「なぜ時代劇は滅びるのか」  春日太一

 ある雑誌でこの本を知り、面白さうだと思った。「はじめに」を立ち読みしてその感じを強くし、購入して一気に読んでしまった。


 「水戸黄門」が放送終了になった時、「一つの時代が終わった」といふ調子のマスコミ報道があった。それがちょうど三年前だったのを改めて知ったが、著者によれば2000年頃から人気が急落してをり、いくつか挙げられたその原因の中で「なるほど!」と思ったことがある。

 黄門様に石坂浩二や里見浩太朗を配したことがそれである。このドラマの実質的な主役は色男の助さんであり、力持ちの格さんがその引き立て役、黄門はあくまで後ろで睨みを利かせる司令塔である。だから歴代のドラマ(映画も)は助さんに二枚目の人気俳優を配し、黄門には東野栄二郎以下名脇役を起用してきた。ところが石坂や里見は堂々たる主役を張る俳優だ。その影響で助さんは少し見劣りする者が演じることになり、内容も黄門が前面に出るやうに変はってしまった。この番組を熱心に見てゐたわけではないが、指摘されれば「さうだったなあ」といふ気がする。
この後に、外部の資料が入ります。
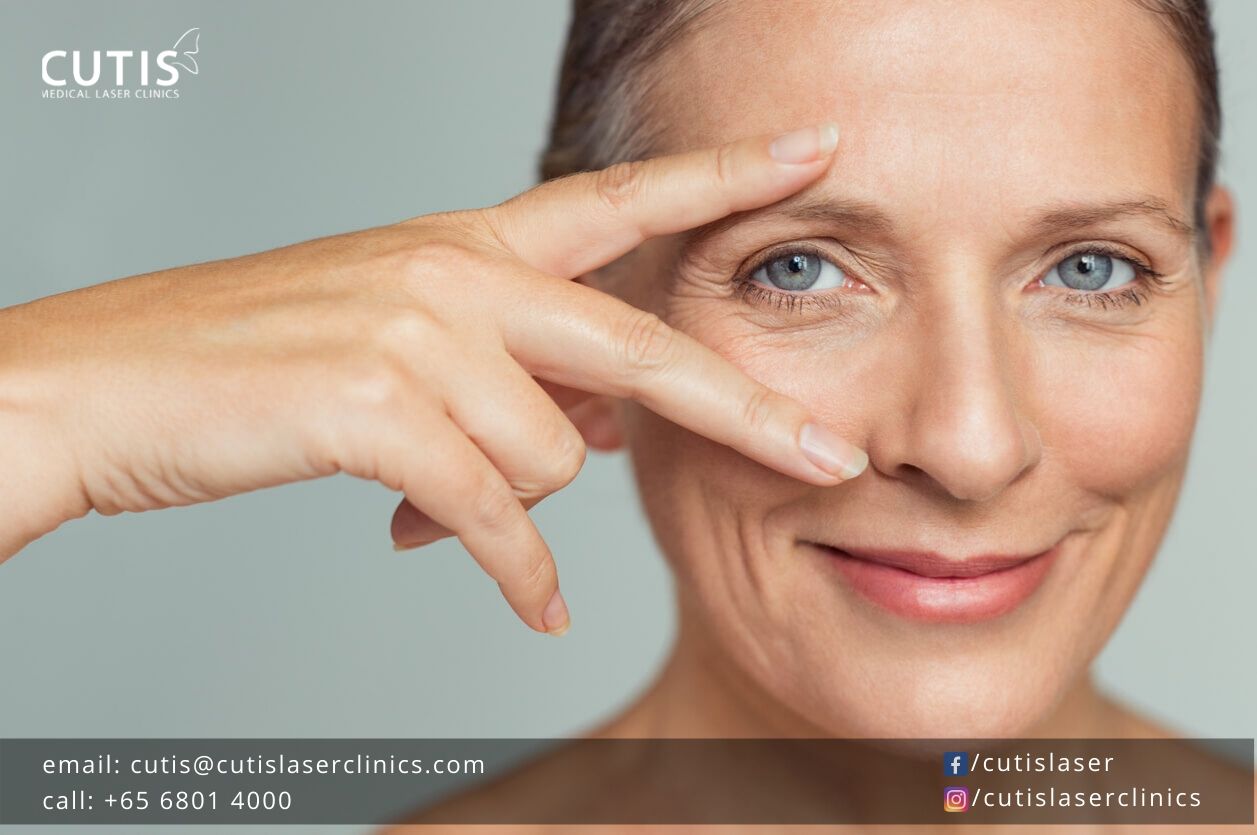 For More Youthful Eyes: Your Nonsurgical Options for Droopy Eyelids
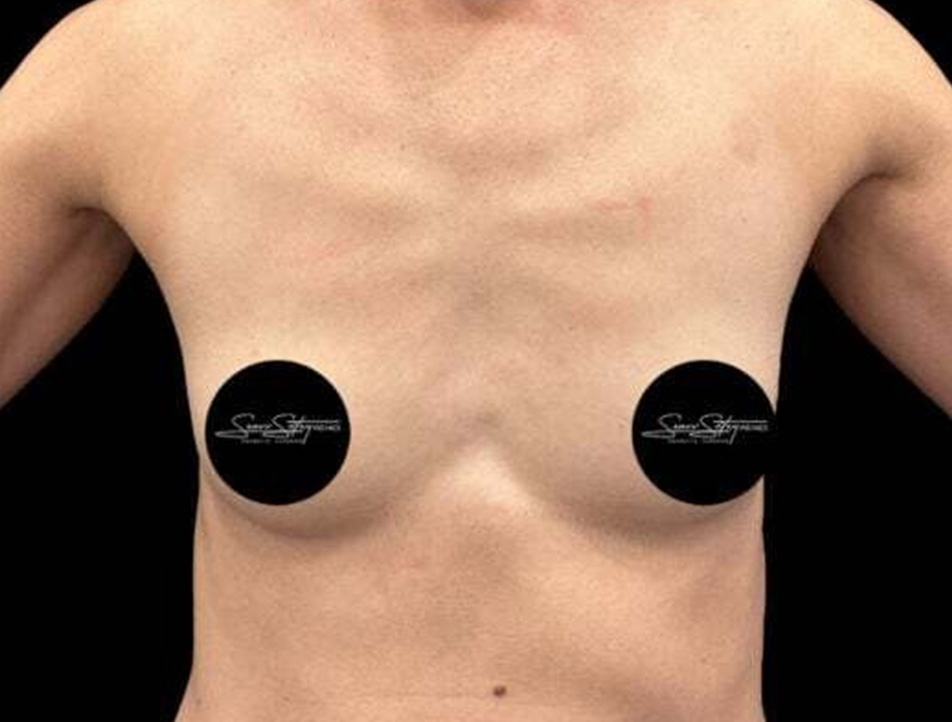 Breast Augmentation Before & After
 実は、このことのさらなる原因がたくさんあり、本書では時代の移り変はりを通観しながらそれを追っている。するとこれは必然的な帰結であり、時代劇は廃れる宿命にあるといふことがわかってくる。著者は、時代劇を愛するが故にそれを回避したい思ひを強く持ってゐる。「時代劇は死なず」といふ著書もあるのだが、いまや時代劇は、「死なず」ではなく「死にきれずにもがき苦しんでいる」。ならばいっそのこと自分の手で介錯してやるのが愛する者の努めではないか・・・と「あとがき」に書いてゐる、わずかな望みを託しながら・・・。


 さて、「時代の流れ」といふ観点からの記述を割愛しては著者に申し訳が立たない。それをすべて紹介するのは骨が折れるのでやめておくが、大きな流れとしては次のやうな事だ。
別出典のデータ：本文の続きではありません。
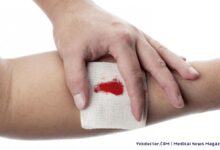 درمان عفونت زخم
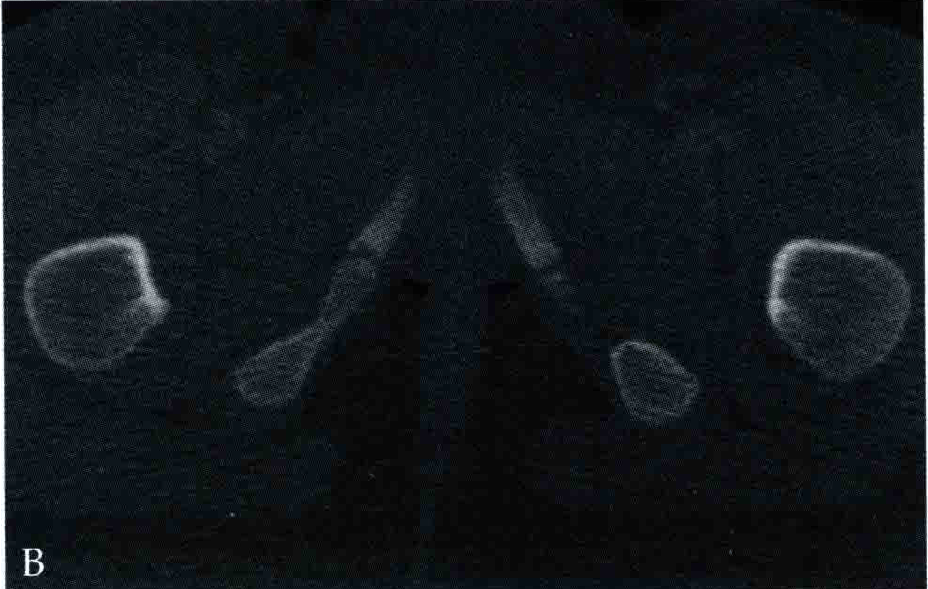 易误诊的骨盆假性骨折 正常骺线 软骨 耻骨 中心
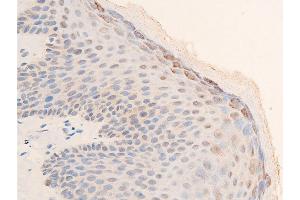 ABIN6267253 at 1/100 staining human skin tissue sections by IHC-P.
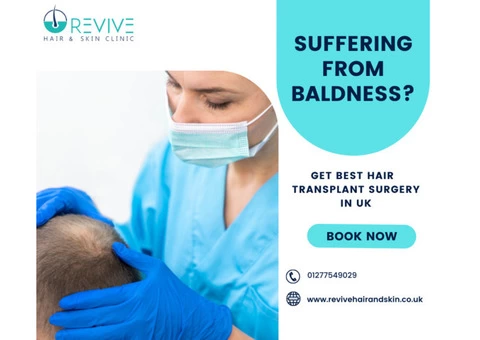 Get Affordable Hair Transplant in UK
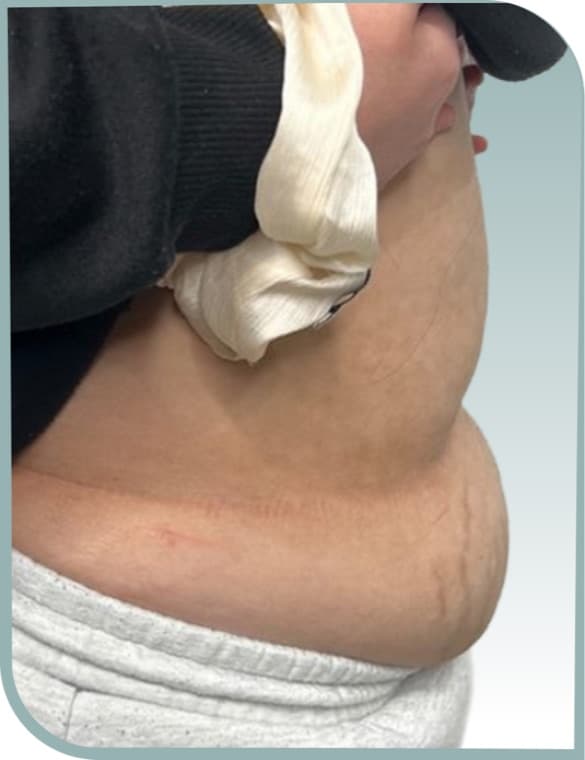 Lower belly toning, Before photo (result 4 of 10)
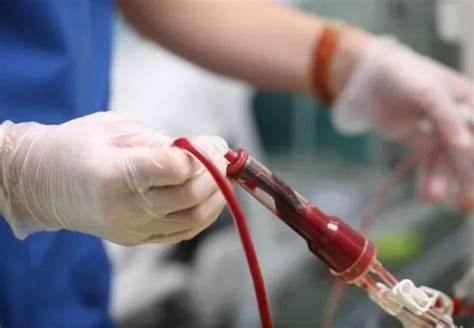 موانع نقل الدم
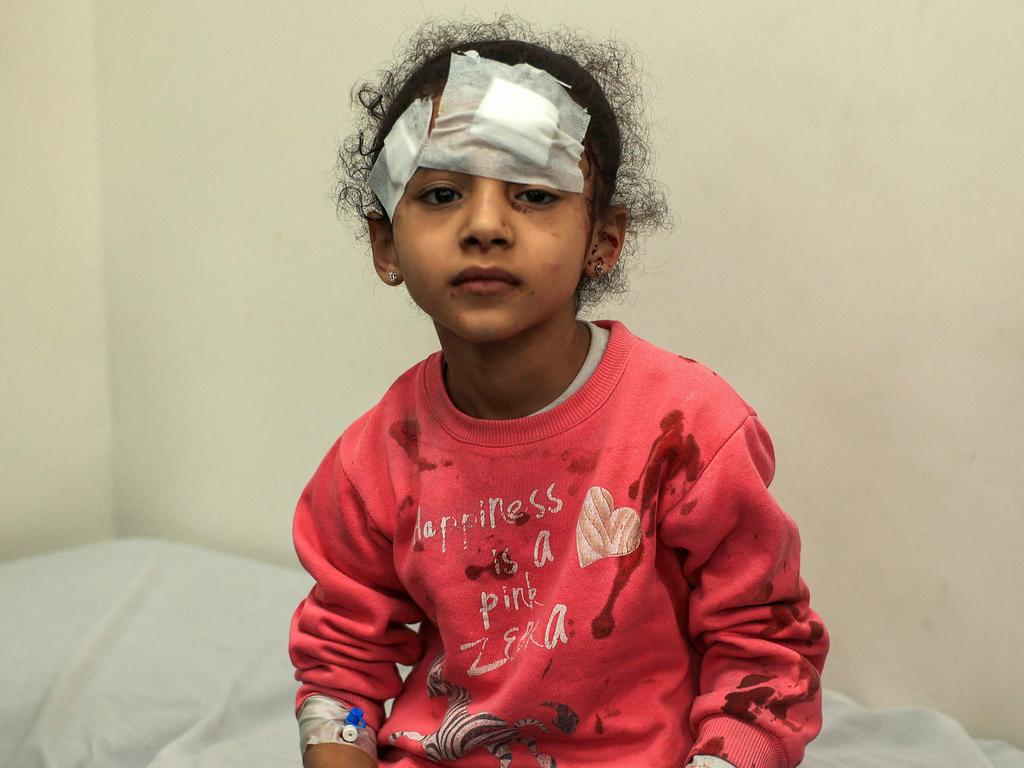 An injured Palestinian girl looks on after receiving treatment at the Kuwait hospital following Israeli bombardment in Rafah, in the southern Gaza Strip on December 14. Picture: SAID KHATIB / AFP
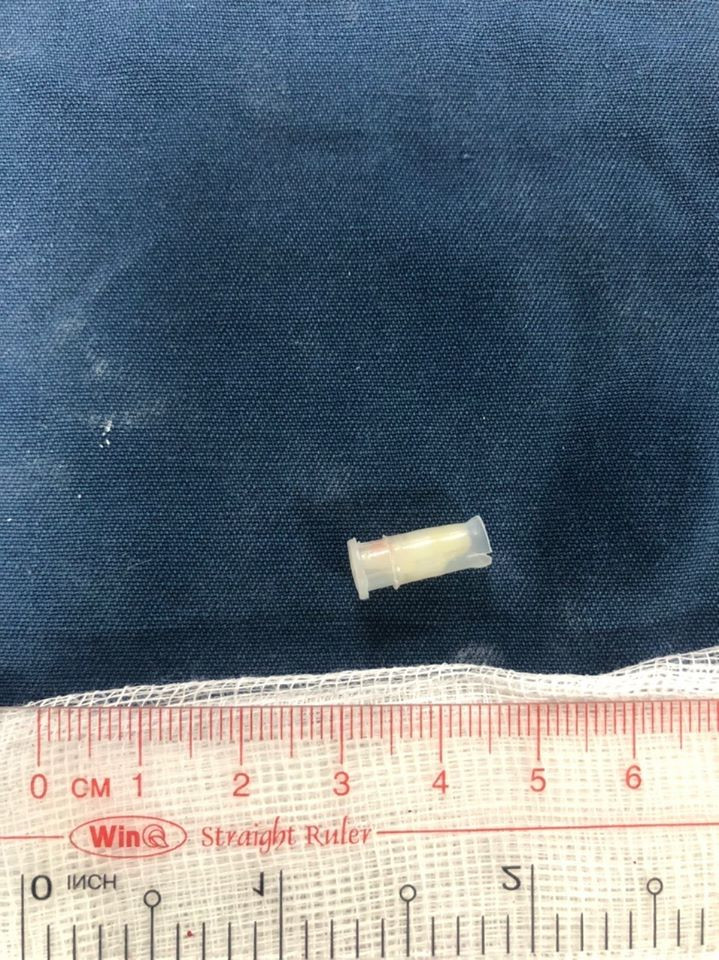 Bé 3 tuổi tắc thở, tím tái cả người vì món đồ chơi nhiều trẻ mê mẩn ảnh 1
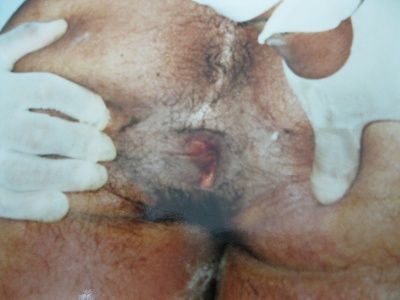raped-20amle-20-281-29.jpg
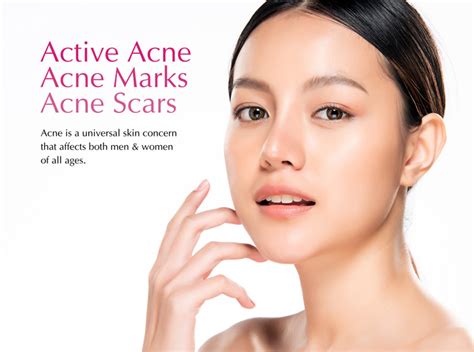 Best Acne Skin Laser Treatment Near Me in Malaysia | DR.D Clinic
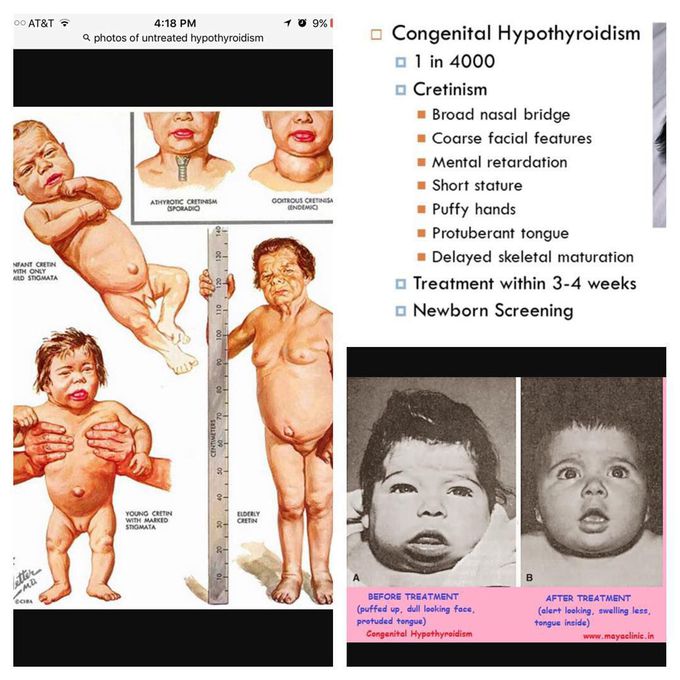 Congenital Hypertyroidism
 1960年代、映画はテレビに取って代はられる趨勢が生じた。1950年代、観客動員数は常に十億を超えてゐたが、63年には五億に半減する。そして時代劇も、それまでの年間150本前後からわずか2年で半分以下になり、67年にはなんと15本に激減した。

 その趨勢の中で、画面が小さく画質も劣るテレビでは安直な時代劇が作られるやうになった。観る方も家庭での団らんのひとときに軽い気持ちで・・・といふ姿勢になったのでそれでも構はなかったのだ。そのことが作り手の慢心を生み、映画製作会社の苦境と相まって、きちんとした時代劇を作る環境が次第に失はれて行く。一つの現れとして、時代劇には独特の所作や言ひ回しがあるのだが、それらをきちんと身につけて演じる事のできる役者も、指導できる監督もどんどん減っていった。その他にもいろいろなことが挙げられてゐるが、多くは業界の体質に起因することであり、それはさらに社会情勢に遠因が求められる。であれば、時代劇の凋落は時代の必然と言ふしかない。それが前述の「あとがき」での述懐につながるのだ。


 ところで、春日氏は1977年生まれである。日大芸術学部で勉強し、時代劇の面白さに惹かれてその研究を生業とするに至った若者である。よく「その若さで時代劇ですか」と驚かれるさうだが、彼によれば、その感想自体「時代劇は高齢者のもの」といふ偏見(?)によるもので、さうなってしまった理由が本書で解明されてゐる。昔は世代を問はず人気があった。そして、その頃子供だった人が今や高齢になっただけであり、もし述べられてゐるやうな事情がなく、面白い時代劇が作り続けられてゐれば、時代劇ファンも再生産され、今も世代に関係なく一定の人気を保ってゐるはずなのだ。


 春日氏と同じ年齢の息子があり、鞍馬天狗の登場に皆とともに拍手した世代の者として、外れることにわずかな期待を持ちつつ、再び「あとがき」から著者の見通しを紹介してをく。

 :恐らく、時代劇はこのままではそう時間のかからないうちに「死ぬ」だろう。人を育てることを放棄し、若者が希望を持てない業界に未来などないからだ。